The three-member Expedition 63 crew focused on biomedical research today helping scientists understand how living in space affects the human body. Meanwhile, a resupply ship is nearing its launch to the International Space Station ahead of global cargo and Commercial Crew missions planned for May.
NASA Commander Chris Cassidy began Thursday with a health exam that included temperature and blood pressure checks as well as pulse and respiratory rate measurements. In the afternoon, the three-time space visitor moved to physics research and explored techniques future astronauts may use to develop advanced building materials in space.
Human research is also an important part of the Russian science agenda aboard the orbiting lab. The two cosmonauts, Anatoly Ivanishin and Ivan Vagner, collected and stowed their blood, saliva and hair samples today for a pair of biology studies.
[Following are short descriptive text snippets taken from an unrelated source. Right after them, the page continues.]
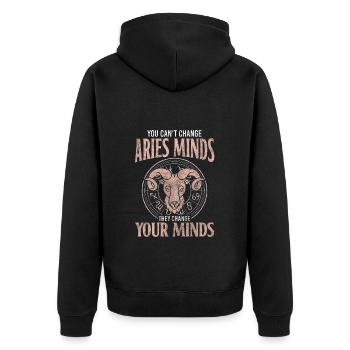 Widder Geburtstag Stolz - Unisex Premium Bio Zip Hoodie - Schwarz - Hinten - Nico (187cm)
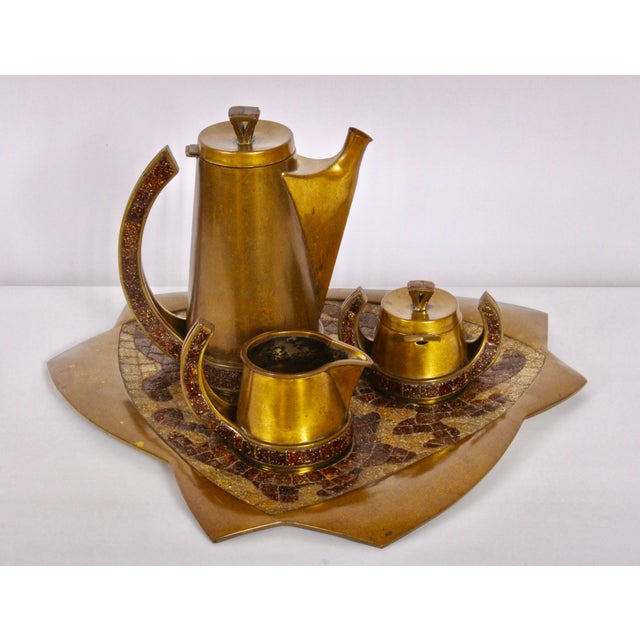 Mid-Century Mexican Modern solid brass and glass tile Mosaic coffee service by Salvador Teran. Reflective Copper toned...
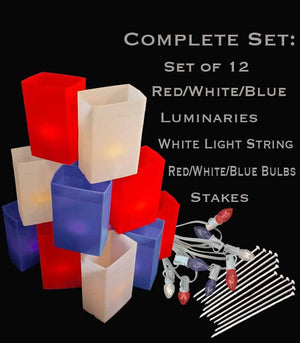 Set of 12 Patriotic Luminaries, White Light String, R/W/B Bulbs & Stakes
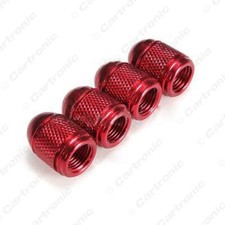 Metallic RED Metal Steel Dust Valve Wheel Tyre Caps (DC4) fits Classic (T)
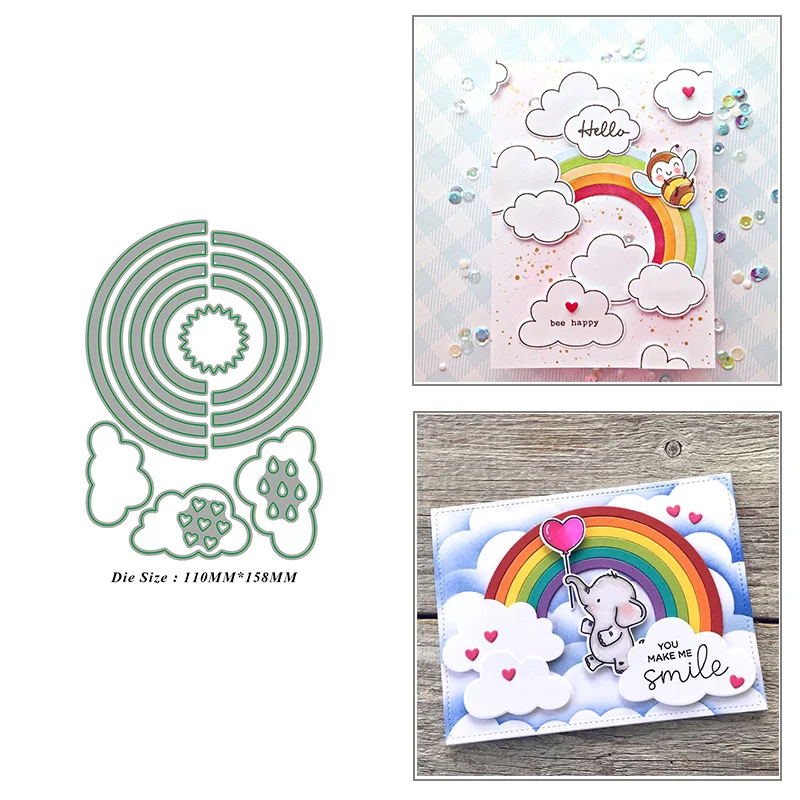 

Rainbow Cloud Raindrop Combinati Metal Cutting Dies for DIY Scrapbook Album Paper Card Decoration Crafts Embossing 2021 New Dies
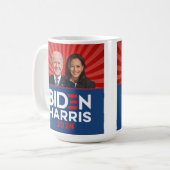Mug Biden Harris Photo - 2024 étoile - Bleu Bleu Blanc (Devant gauche)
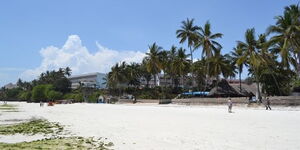 A file image of a beach in Mombasa County.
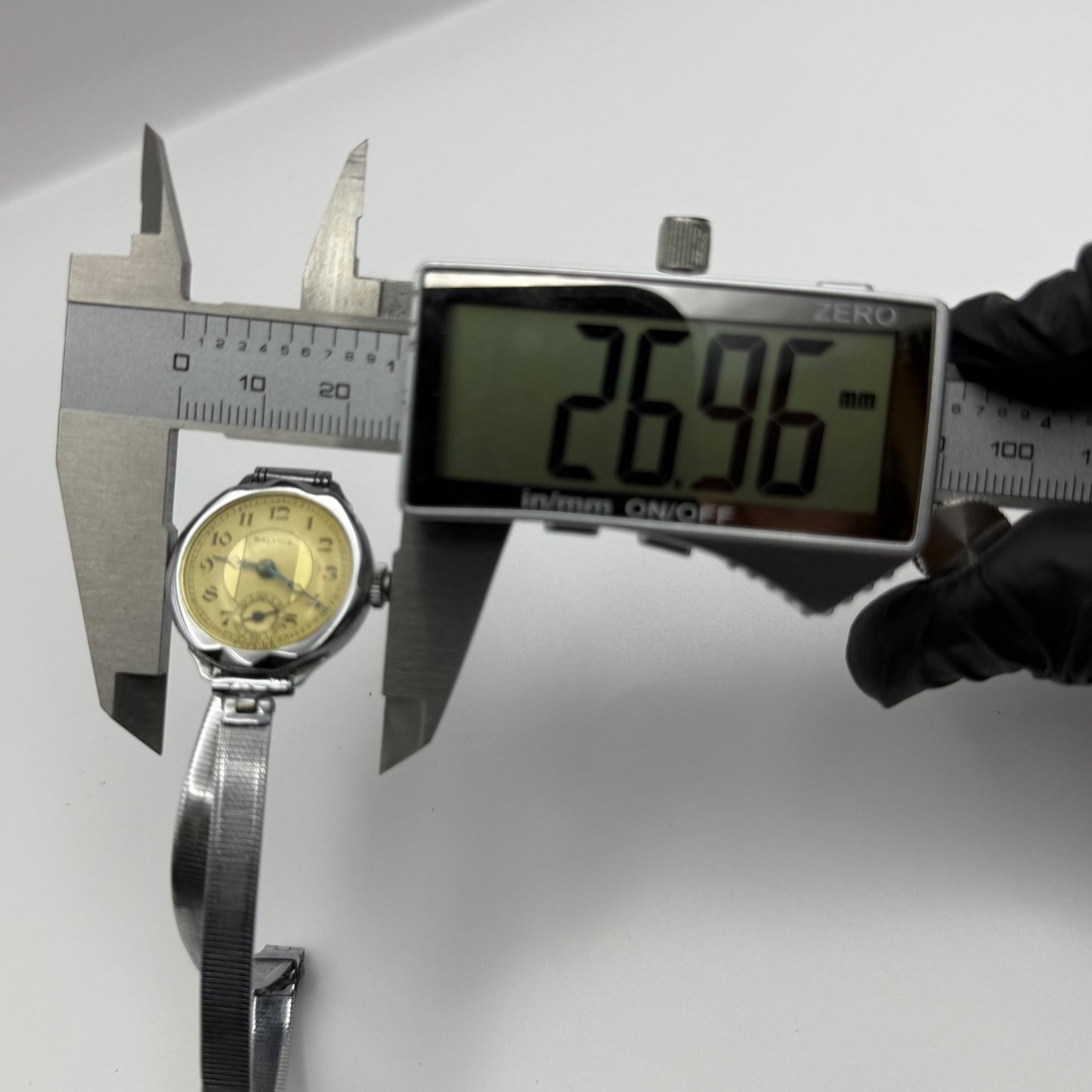 24mm Vintage Salvos Art Deco Foreign Sub Secs Manual Wind Watch PARTS / REPAIR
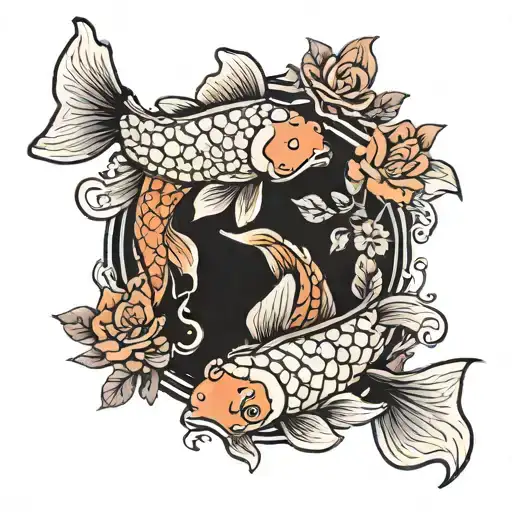 Koi Fish With Flowers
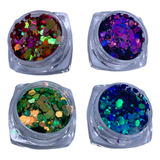 Kit Glitter Coloridos C/12 Potes -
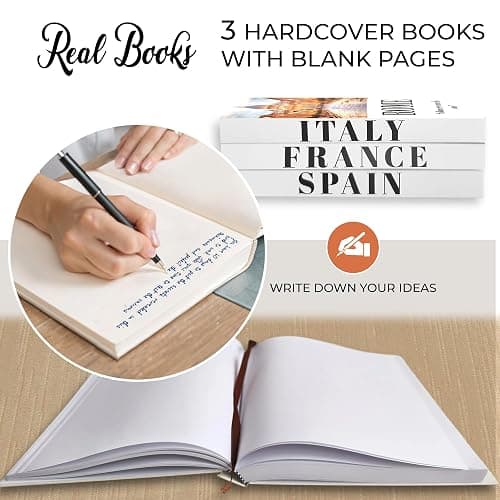SIMPLIFY ASTHETIC - European Cities Decorative Books Set with 2 Busts Greek Methology and 3 Sets White Hardcover Coffee Table Books with Blank Pages, Home Decor Livingroom thumbnail 5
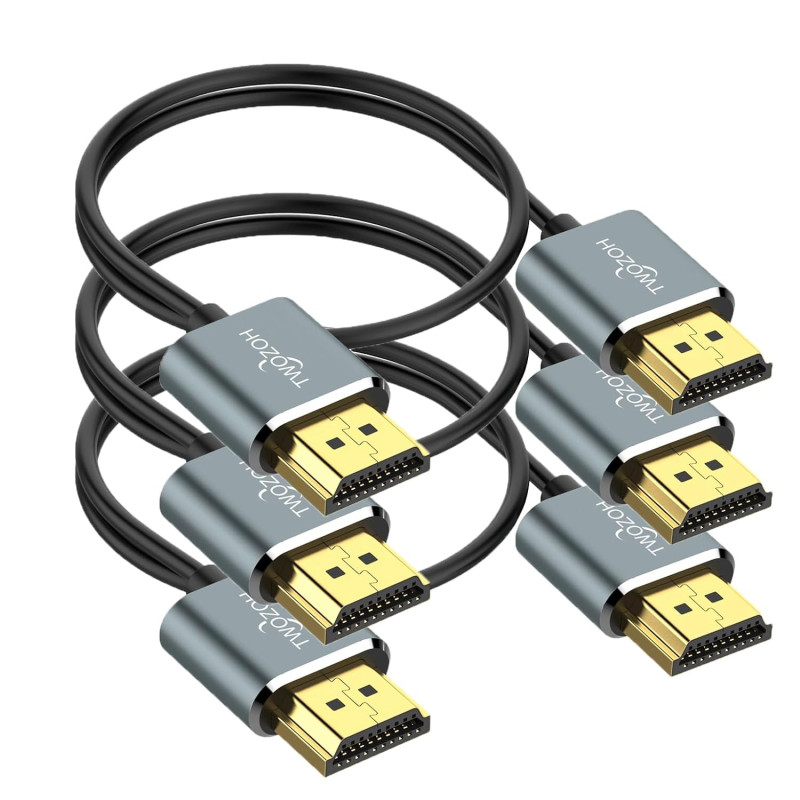 Twozoh Câbles HDMI 4K Slim Extrêmement 0,5M Lot de 3, Ultra Fins et Flexibles HDMI 2.0 Compatible 4K/60HZ 18Gbit/s Moniteur, PS5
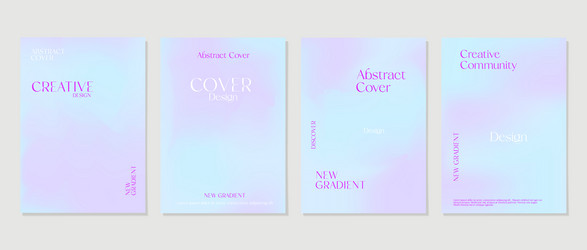 Set of gradient in blue pastel poster cover vector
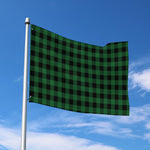 Green And Black Buffalo Check Print Polyester Flag
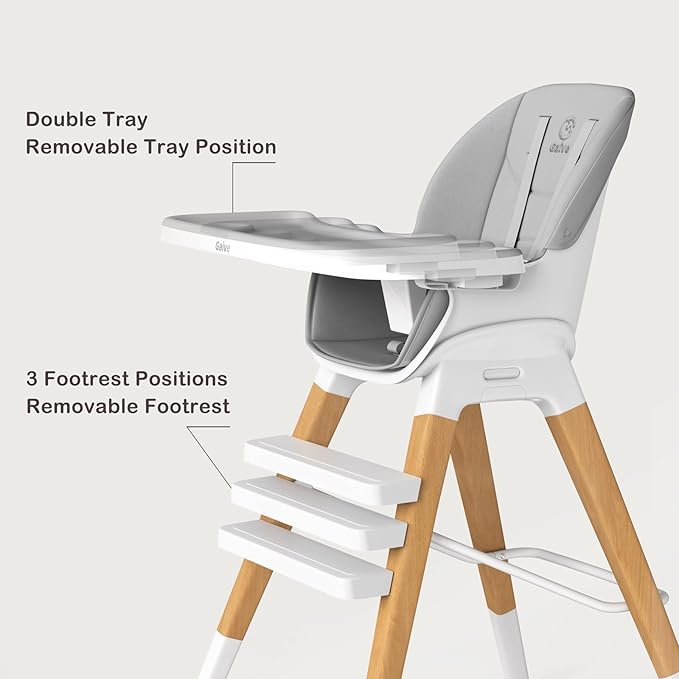 8 in 1 Highchair, Convertible Wooden Baby High Chair with Tray, Adjustable High Chair for Babies and Toddlers, Easy to Clean, Grow with Family|Booster|Learning Table|High Stool-CubbioJoy
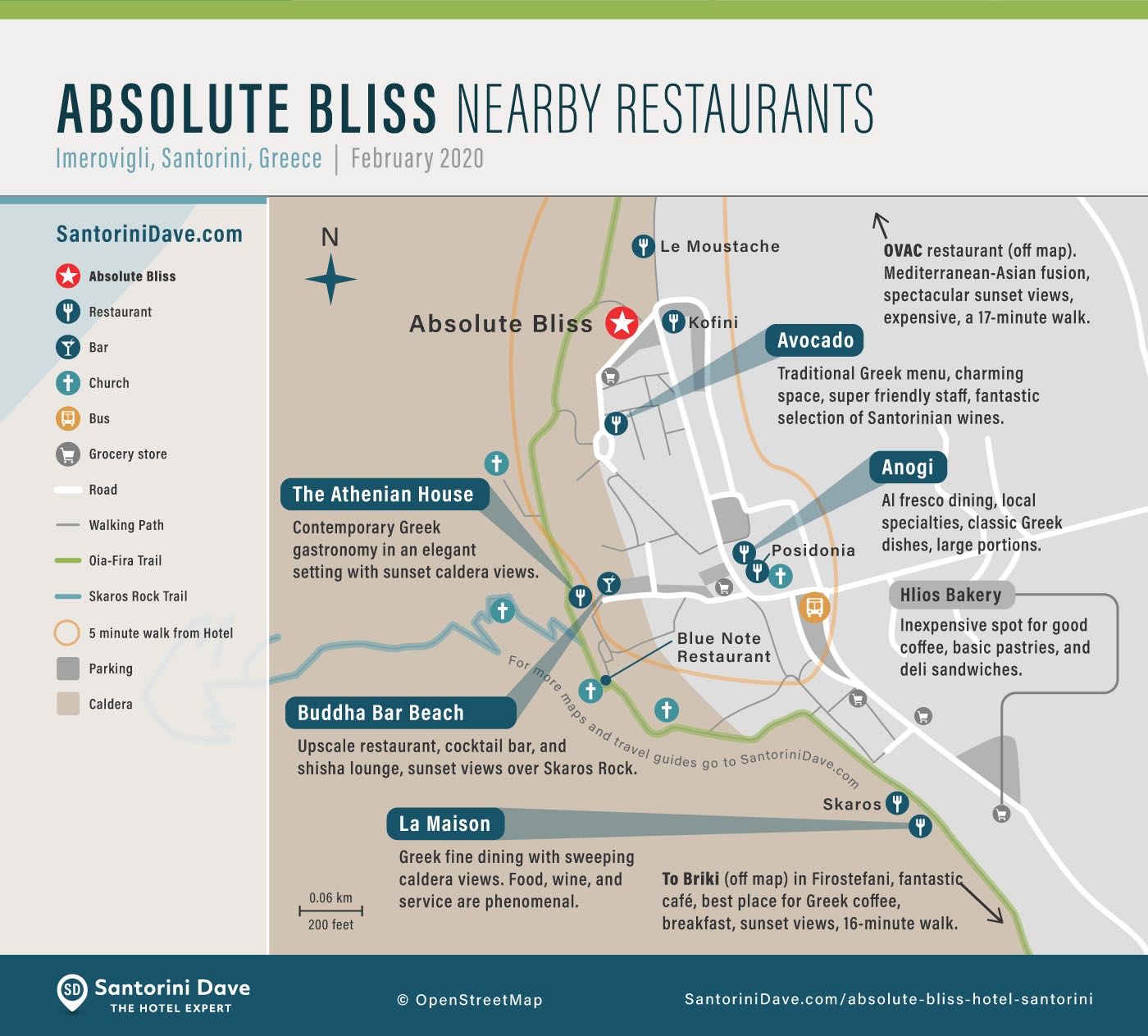 Map showing restaurants near Absolute Bliss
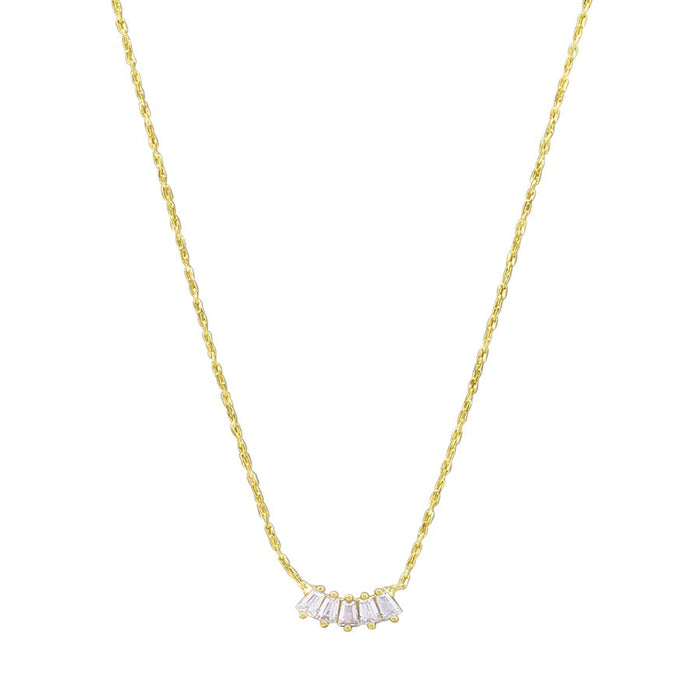 Gold necklace with small white stones 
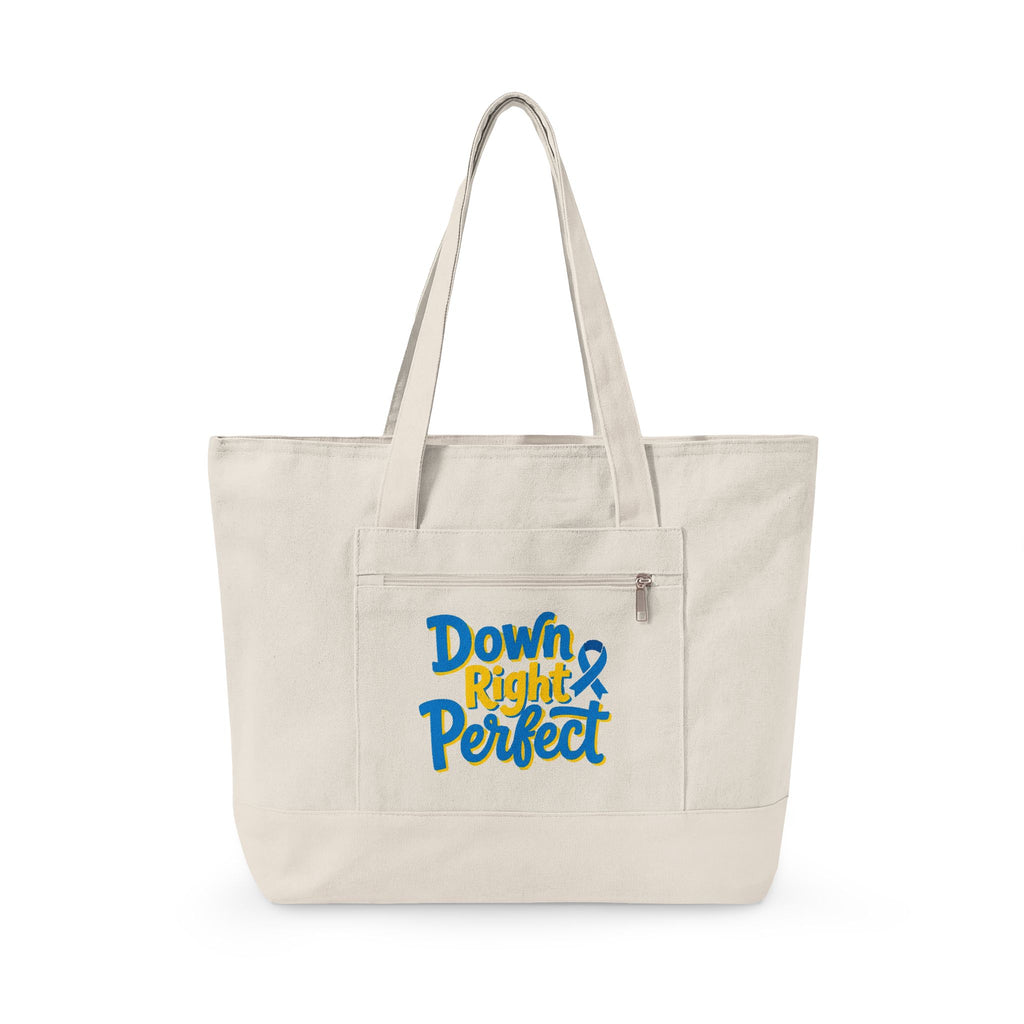 Canvas Tote Bag — “Down Right Perfect” Blue Ribbon Design (Zippered)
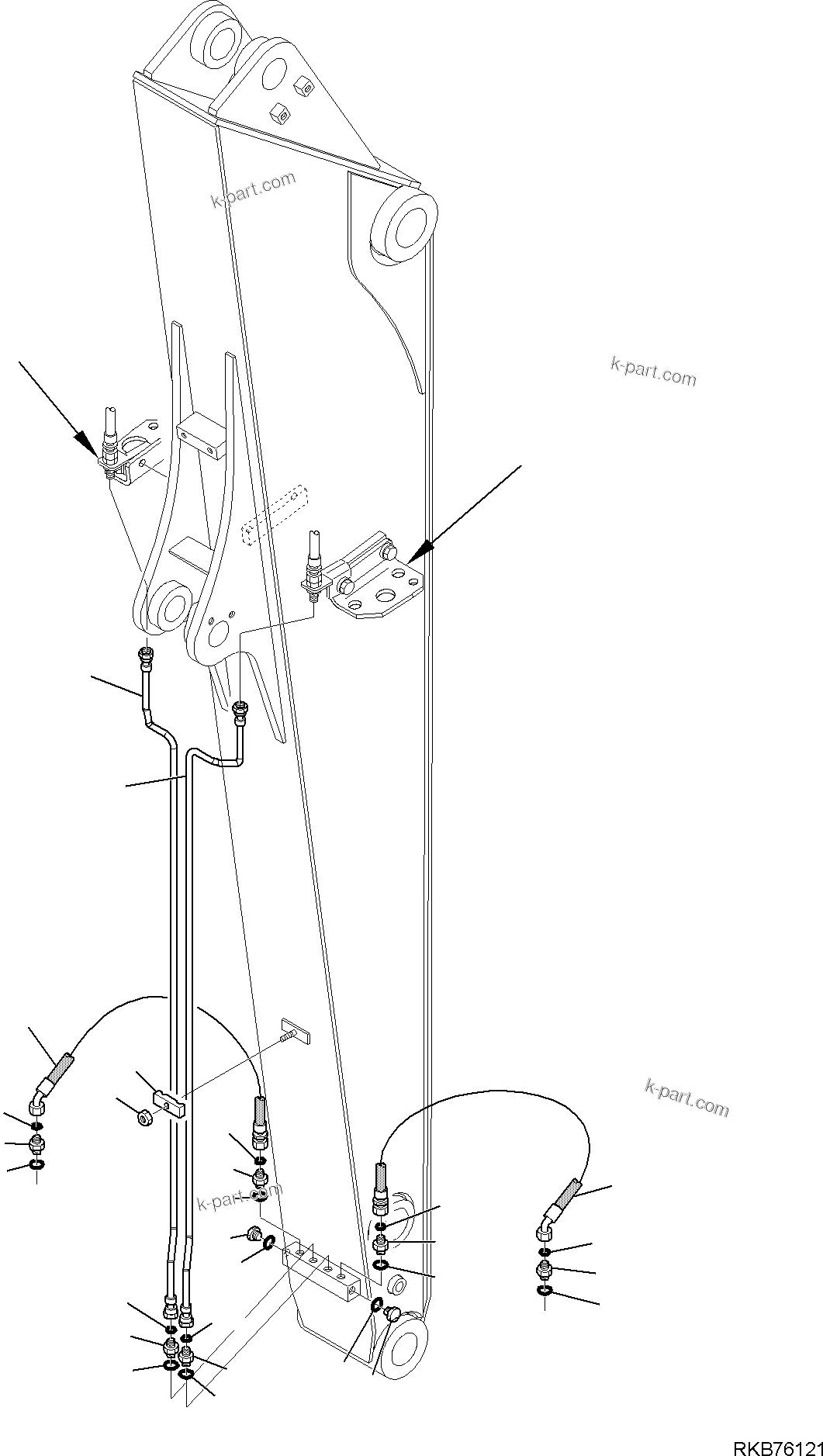Komatsu parts book diagram for PC88MR-6 S/N F00003 AND UP: HYDRAULIC PIPING (FAST COUPLING LINE) (3/3) (ARM, L=2250 MM)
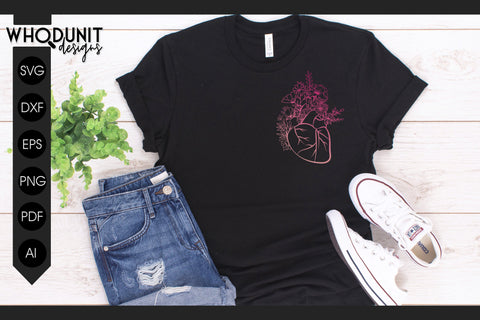 Floral Heart SVG | Anatomical Heart cut file| Human Heart SVG Whodunit Designs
The two experiments are looking at how spaceflight impacts a crewmember’s immune system and metabolism.
Russia is also readying its Progress 75 (75P) resupply ship for liftoff on Friday from Kazakhstan at 9:51 p.m. EDT. The 75P is at the launch pad at the Baikonur Cosmodrome packed with nearly three tons of food, fuel and supplies. The 75th Progress cargo craft to visit the station will take a three-and-a-half hour delivery trip to the aft docking port of the Zvezda service module.
May’s mission schedule will see a U.S. cargo craft depart the station on the 11th and a Japanese resupply ship launch on the 20th for a robotic capture and installation on the 25th. The first mission on a U.S. crew vehicle since 2011 is set for launch on May 27. NASA astronauts Robert Behnken and Doug Hurley will lift off from Florida aboard the SpaceX Crew Dragon vehicle and join the Expedition 63 crew one day later.